The Maldives' highest court has overturned an unprecedented sentence of death by stoning for a woman convicted of adultery, a crime in the Muslim island nation, media reports said Monday.
The woman, identified by local media as a mother of five, was convicted by a local judge on a remote island in the Maldives, a popular tourist destination that has seen a rise in Islamic extremism.
The Haveeru news site said the woman had confessed to the crime after giving birth on the remote equatorial islet of Gemanafushi, about 400 kilometres (250 miles) south of the capital Male.
The Supreme Court annulled the case on Sunday night, ruling that the judge had failed to consider the legal as well as Islamic procedures of the nation of 340,000 Sunni Muslims, the Maldives Independent website said.

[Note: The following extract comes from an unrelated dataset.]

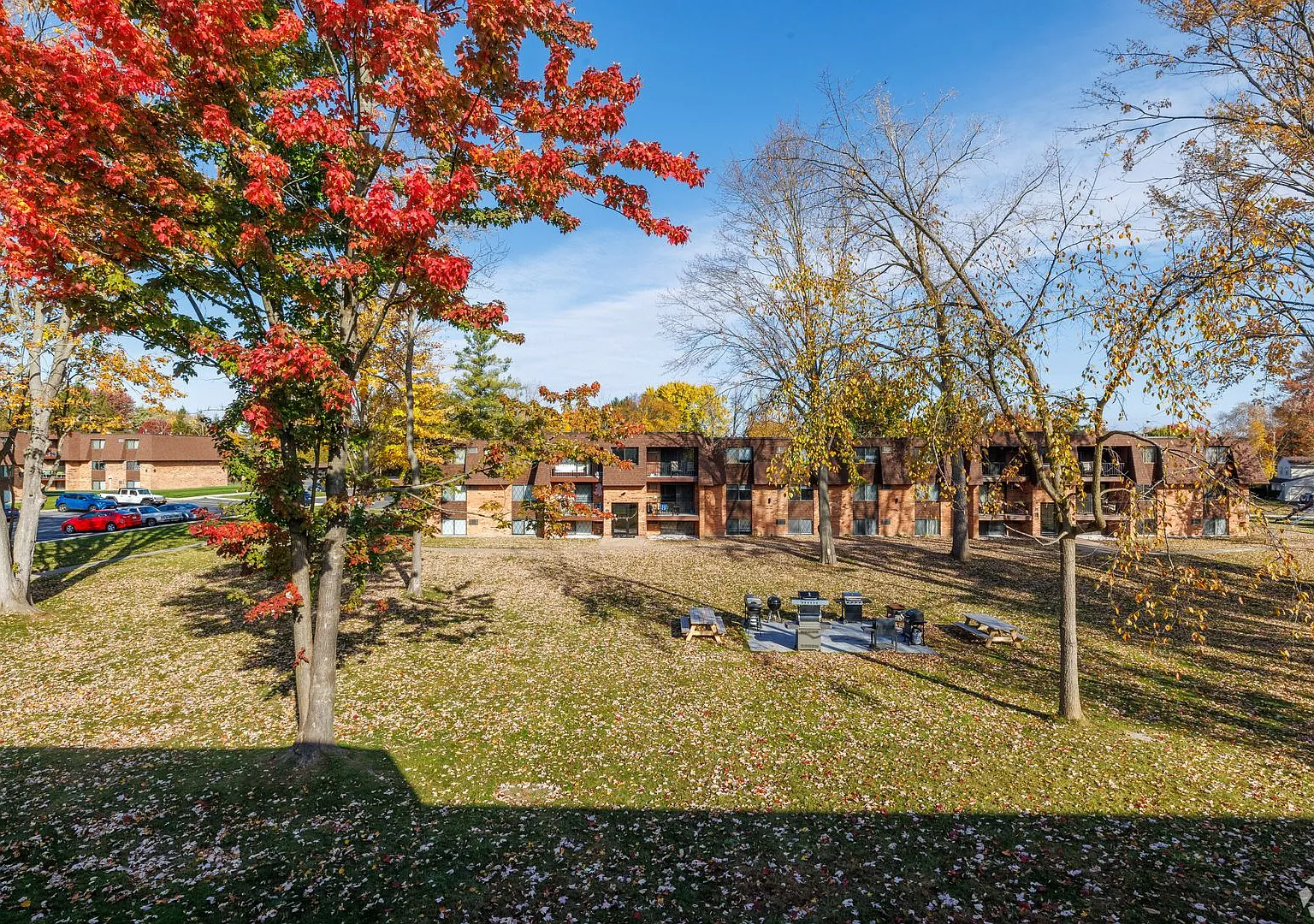 Pinecrest Manor — Photo 4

The Maldives, a popular Indian Ocean honeymoon destination, observes elements of Islamic Sharia law as well as English common law.

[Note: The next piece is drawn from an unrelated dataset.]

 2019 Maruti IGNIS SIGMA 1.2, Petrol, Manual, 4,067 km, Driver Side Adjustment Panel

Sex outside marriage is against the law in the Maldives, although the ban does not apply to tourists visiting the upmarket holiday destination.
The sentence was unusually harsh even for the Maldives, which has frequently sentenced those convicted of extramarital sex to public flogging.
However, the country is not known to have carried out the death penalty.
The UN Human Rights Council has repeatedly asked the Indian Ocean atoll nation to end the practice of flogging women convicted of sex outside marriage.
In 2013, the government intervened to overturn the conviction of a 15-year-old rape victim sentenced to 100 lashes for pre-marital sex after an international outcry.
The girl had been repeatedly raped by her own father, who was later charged along with her 29-year-old lover, who was given 10 years in jail.
The sentence of death by stoning is the latest blow to the international reputation of the atoll nation, which has been in the grip of political unrest since the toppling of its first democratically elected leader, Mohamed Nasheed.
The former president was jailed for 13 years in March after being convicted under the country's terrorism laws for ordering the arrest of an allegedly corrupt judge in 2012.
The UN has said his rushed trial earlier this year was seriously flawed and a UN panel has ordered his immediate release along with compensation, but the government of President Abdulla Yameen has refused to comply.